Understanding the distributive basis of criminal law and its current popularity reveals an interesting political contradiction. Redistributive programs have historically been products of left-progressive politics, engendering counterattacks from the right. (17) In the late nineteenth and early twentieth centuries, concern over legislatures' distributionist use of police power (18) prompted a legal response that emphasized property rights and freedom of contract. (19) Despite the decline of Lochnerism, over time, liberalism (meaning rights-regarding not left-leaning) became the dominant mode of legal reasoning for both conservatives and progressives. (20) Today, redistribution is a principal normative evil to conservatives, (21) marginally useful to mainstream Liberals, (22) and appealing only to leftists.

Many consider state regulation of one individual to establish some level of welfare for another fundamentally unjust. (23) The standard libertarian view endorses as its utopian vision a society in which atomistic individuals pursue any private end, and the government plays the minimal role of protecting a bare-bones set of rights. (24) This antidistribution narrative has been popular since the 1970s, (25) when politicians capitalized on public dissatisfaction with Great Society policies and government spending to popularize the hyper-individualism ethic. (26) At the same time, a parallel justification for limiting distribution arose in the form of economic arguments about efficiency. (27) Today, efficiency concerns and liberalism meld to form a neoliberal paradigm that conceives of the pursuit of capital as one, if not the most, fundamental right. (28) The criminal system, however, appears insulated from these principles. (29) Critics thus note with irony that the criminal regulatory system has grown to embody a massive and inefficient taxing-and-spending program that distributes funds to carceral programs nearly exclusively for the poor. (30) The substance of criminal law also became more distributionist as considerations of culpability and deterrence gave way to concerns over victims' interests. (31)

This Article offers an analytically descriptive account of facets of criminal law as distributive phenomena.
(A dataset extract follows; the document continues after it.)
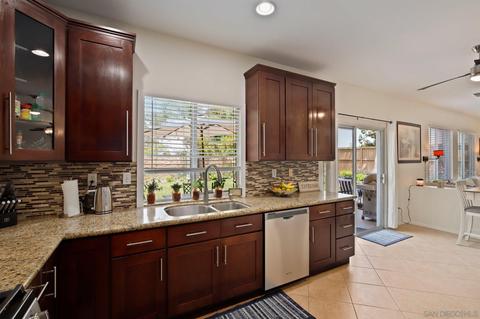 1142 Newcastle Ct, Oceanside, CA 92056 photo 18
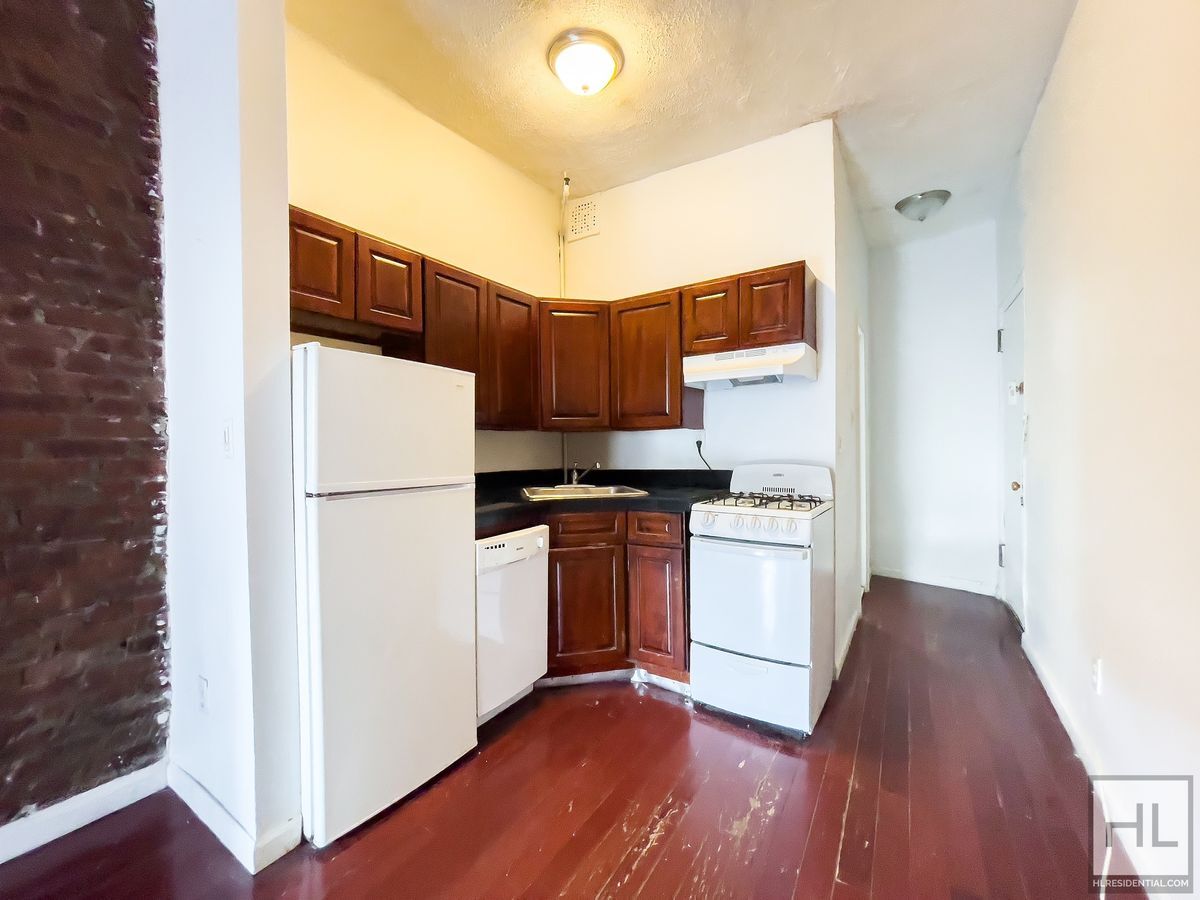 Building Photo - PROSPECT PLACE / Spacious 1-Bedroom / Grea...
Criminal laws are distributive when they mete out punishment for the primary purpose of ensuring victim welfare. A question might arise whether it is desirable or morally appropriate for the government to use criminal law to distribute pleasure to victims. Whether and to what extent criminal law should incorporate victim welfare as a consideration cannot be answered in the abstract any more than the question of what should be taxed and how much. Nevertheless, a cogent argument may be made that ensuring victim welfare through punishment is bad policy because victims actually heal through forgiveness, (32) or because in certain circumstances jailing offenders makes victims worse off. (33) One could also critique incorporating victims' interests into criminal policy on the ground that it inevitably strengthens the current oppressive carceral state. (34) These arguments do not establish that distributing through criminal law is inherently bad, just that it appears unjustified in its current form and context.

Proving that the criminal law should never engage in distribution, however, is not the goal of this Article. Rather, the Article seeks to demonstrate two things. First, it will show that much of criminal law is actually distributive, rather than retributive or utilitarian, a possibility ignored thus far in the penal literature. (35) Second, it will undermine the claims...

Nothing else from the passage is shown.